Tuesday, September 18, 2007

Role of Evolution in Morality

Is it moral to throw a switch that diverts a train that is going to hit five people even though throwing that switch will mean the death of a single person?

Is it moral to throw a person in front of a train to save five people in the trains path?

What does evolution have to do with morality?

Those are questions asked in an article in todays Science Times. Most people would answer yes to the first question, yet no to the second question. Why?

Testing people’s reactions to situations like that of a hungry family that cooked and ate its pet dog after it had become roadkill, he explored the phenomenon of moral dumbfounding — when people feel strongly that something is wrong but cannot explain why.

Dumbfounding led him to view morality as driven by two separate mental systems, one ancient and one modern, though the mind is scarcely aware of the difference. The ancient system, which he calls moral intuition, is based on the emotion-laden moral behaviors that evolved before the development of language.

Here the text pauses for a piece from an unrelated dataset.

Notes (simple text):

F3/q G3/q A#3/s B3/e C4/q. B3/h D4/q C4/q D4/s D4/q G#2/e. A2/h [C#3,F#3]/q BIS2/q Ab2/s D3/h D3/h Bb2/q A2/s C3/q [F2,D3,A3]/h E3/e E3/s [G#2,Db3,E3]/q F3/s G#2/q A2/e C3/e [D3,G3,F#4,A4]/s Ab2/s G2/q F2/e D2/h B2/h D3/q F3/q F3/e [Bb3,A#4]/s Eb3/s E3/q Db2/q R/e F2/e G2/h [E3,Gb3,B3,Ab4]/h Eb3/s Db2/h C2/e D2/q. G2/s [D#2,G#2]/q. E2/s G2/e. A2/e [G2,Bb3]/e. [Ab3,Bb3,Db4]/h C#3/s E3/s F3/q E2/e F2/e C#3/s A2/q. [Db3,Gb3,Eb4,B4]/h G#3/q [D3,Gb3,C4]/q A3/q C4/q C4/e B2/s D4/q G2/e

The modern system — he calls it moral judgment — came after language, when people became able to articulate why something was right or wrong.
Moral intuition consists of decisions that take place instantaneously, "from the gut" while moral judgement comes later as an attempt to rationalize the decision.

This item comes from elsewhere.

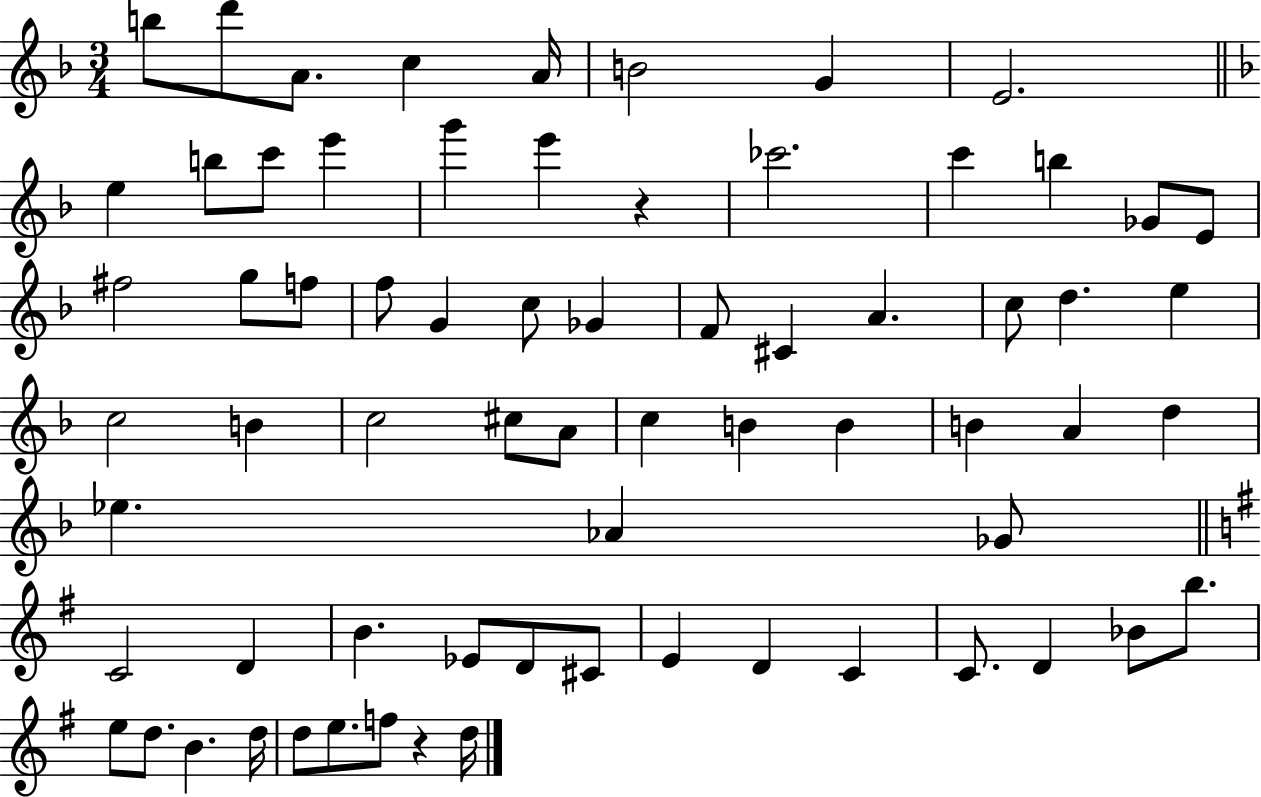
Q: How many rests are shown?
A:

A role for religion is even discussed, but again from a natural selection aspect.
Dr. Haidt believes that religion has played an important role in human evolution by strengthening and extending the cohesion provided by the moral systems. “If we didn’t have religious minds we would not have stepped through the transition to groupishness,” he said. “We’d still be just small bands roving around.”

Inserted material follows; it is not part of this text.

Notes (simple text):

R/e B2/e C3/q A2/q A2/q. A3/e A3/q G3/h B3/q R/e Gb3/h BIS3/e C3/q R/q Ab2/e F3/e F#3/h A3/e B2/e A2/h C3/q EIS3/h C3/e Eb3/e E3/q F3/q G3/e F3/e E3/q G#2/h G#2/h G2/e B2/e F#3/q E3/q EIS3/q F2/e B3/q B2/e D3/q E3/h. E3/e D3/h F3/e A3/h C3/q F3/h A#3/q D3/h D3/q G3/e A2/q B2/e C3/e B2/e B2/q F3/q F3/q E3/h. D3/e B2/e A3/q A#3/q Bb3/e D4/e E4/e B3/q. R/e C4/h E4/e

Religious behavior may be the result of natural selection, in his view, shaped at a time when early human groups were competing with one another. “Those who found ways to bind themselves together were more successful,” he said.
Even morality of members of liberal and conservative political parties are discussed. Although I disagree with his findings as does Dr. Frans B. M. de Waal, a primatologist at Emory University. Dr. de Waal writes:
“For me, the moral system is one that resolves the tension between individual and group interests in a way that seems best for the most members of the group, hence promotes a give and take,” Dr. de Waal said.